Leave out the pictures and print precisely the lines from the line with "GIGABYTE GeForce RTX" to the final line of the entries, both ends included.

Exercise data
++++++++++

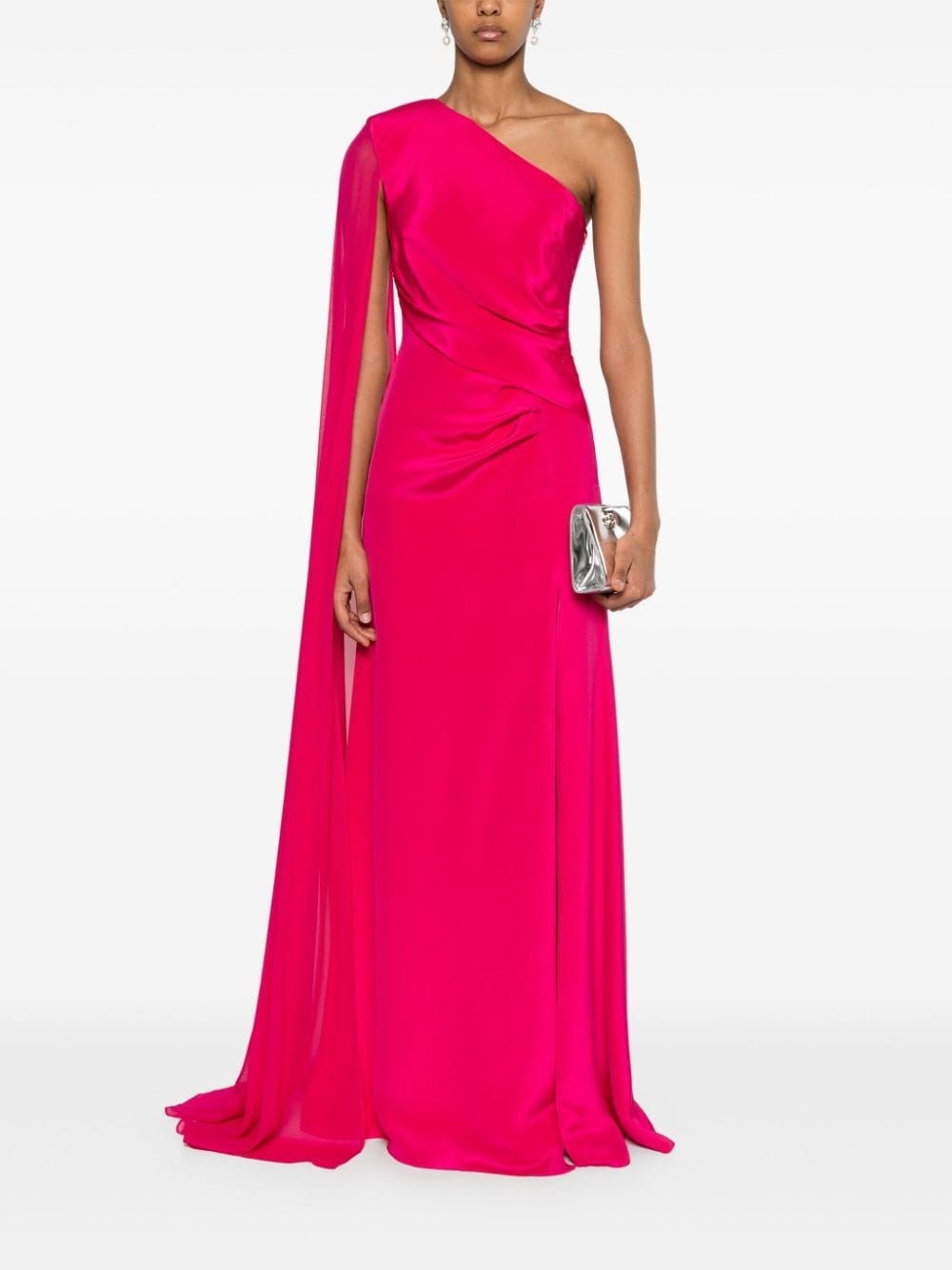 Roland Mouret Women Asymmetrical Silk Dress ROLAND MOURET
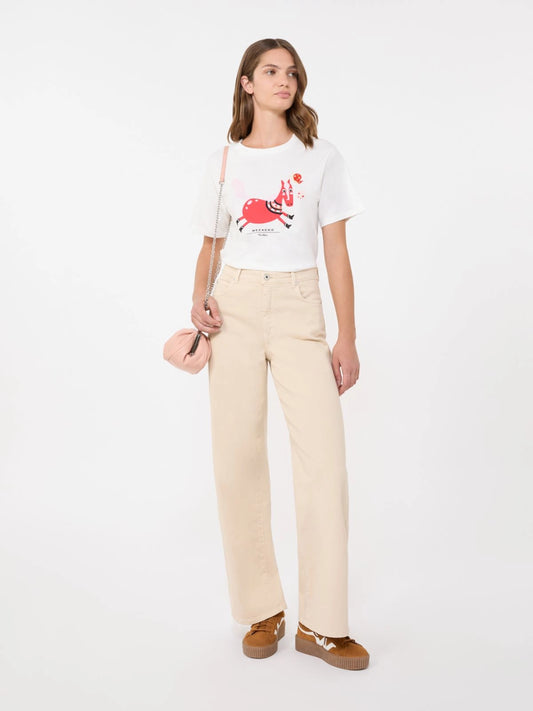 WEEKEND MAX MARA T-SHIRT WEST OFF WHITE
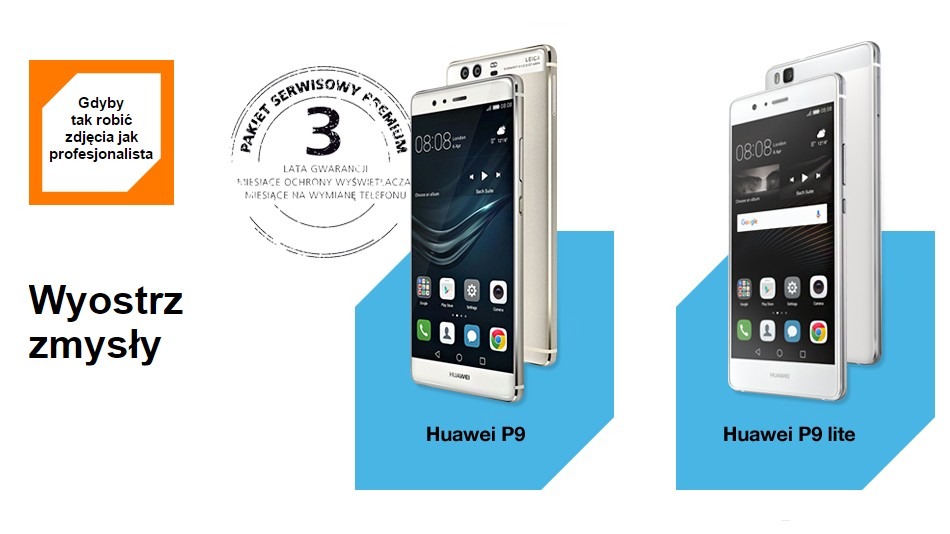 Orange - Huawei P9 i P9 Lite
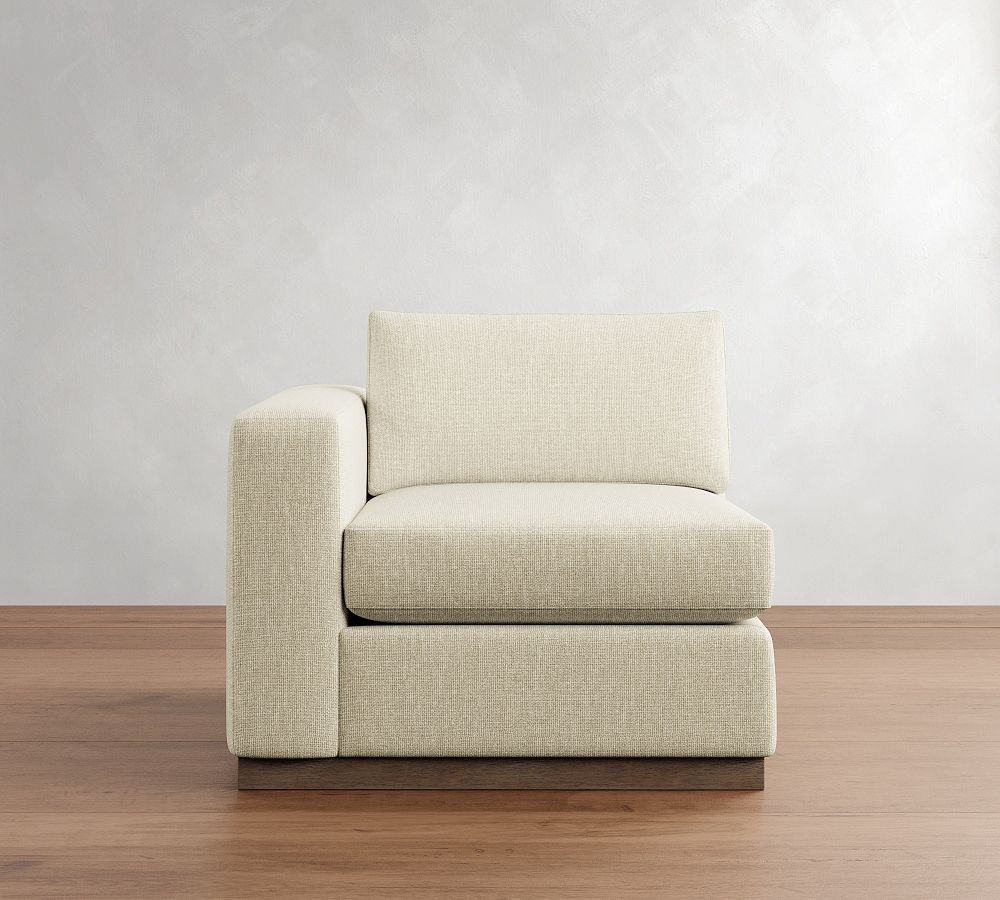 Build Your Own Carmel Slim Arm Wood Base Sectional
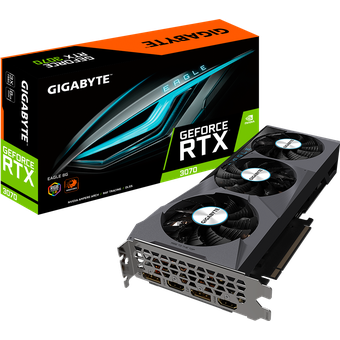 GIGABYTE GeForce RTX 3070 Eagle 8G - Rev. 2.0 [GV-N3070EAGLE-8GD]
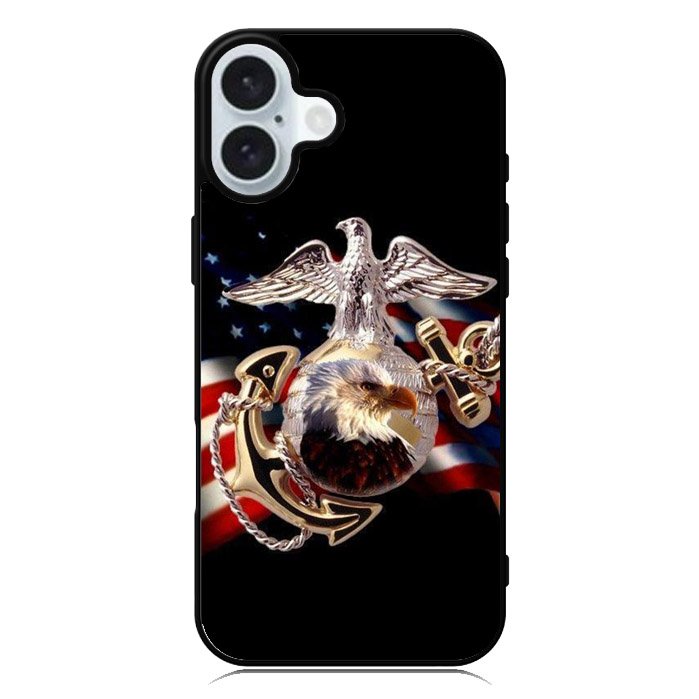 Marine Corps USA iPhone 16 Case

++++++++++

The completed task
 GIGABYTE GeForce RTX 3070 Eagle 8G - Rev. 2.0 [GV-N3070EAGLE-8GD]
 Marine Corps USA iPhone 16 Case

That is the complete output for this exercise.